山口教官からのアドバイス
1 教官としての信条
昨年から航空界の変化として、特定技能証明審査制度及び操縦教育証明課程の法改正、さらに近年操縦士養成課程の大規模な撤退により、操縦教育を司る教育の場が限定されつつあります。一方で絶対的な航空需要に変化はなく、小型輸送機を使用した航空運送事業の拡大により、今後操縦要員の必要性が増加するものと考えられます。
このため、操縦教官として、知識・技量の向上を教育するだけでなく、空を飛ぶ人間としての人間性つまり人間心理までを含めた教育が必要と考えています。
「健全な精神は健全な肉体に宿る」です。
2 教官苦労
教官として、教育内容はこれでいいのか自問自答しつつ、学生一人一人の生い立ち、その生活環境、年齢等から、学生個々の受講対応は全くと言っていいほど変化し、その能力も違います。その意味で、教育のアプローチを変化させ、1回で理解しなければ反復訓練も必要となります。さらに教官として、上の目線に立つことではなく、学生時代を思い出し、何が分からなかったのか、どうすれば理解出来るのか、訓練生の立場に立った具体的な指導を実施しています。
3 過去の飛行の思い出
これまで回転翼、固定翼と飛行を継続し、主に学生教育を担当してきましたが、空は素晴らしいものです。そして日本全国風光明媚な体験も可能です。春の桜、夏の花火、秋の紅葉、冬の雪山等、空から見る景色は格別です。
4 教官の喜び
過去約千人の学生と接して来ましたが、前述のように学生個々の生い立ちの違いにより、受講能力に大きな差が生じています。その差を埋めるためにも、自ら努力を継続することです。このため、学生には可能な限り、毎日の知識の確認を奨励し、教官指導が一方通行とならないように、教育環境を充実させ、なんでも言える雰囲気作りを実施しています。

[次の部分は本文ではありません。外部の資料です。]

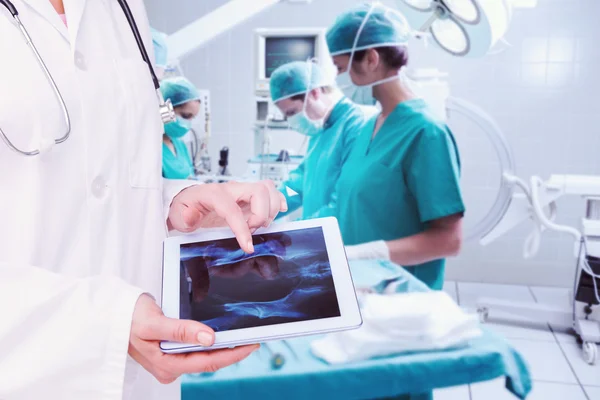 Композитне зображення лікаря, який дивиться на рентген на планшеті — стокове фото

少しの努力が数か月で大きな違いとなり、まさに継続は力です。
これは、飛行技術も同様です。パワーの使い方、ラダーの足の位置まで具体的に教示することで技量が向上します。さらに、着陸技量は永遠の課題ですが、安全な着陸操作のため、「目の付けどころ」を教育することで、一歩技量が向上するものです。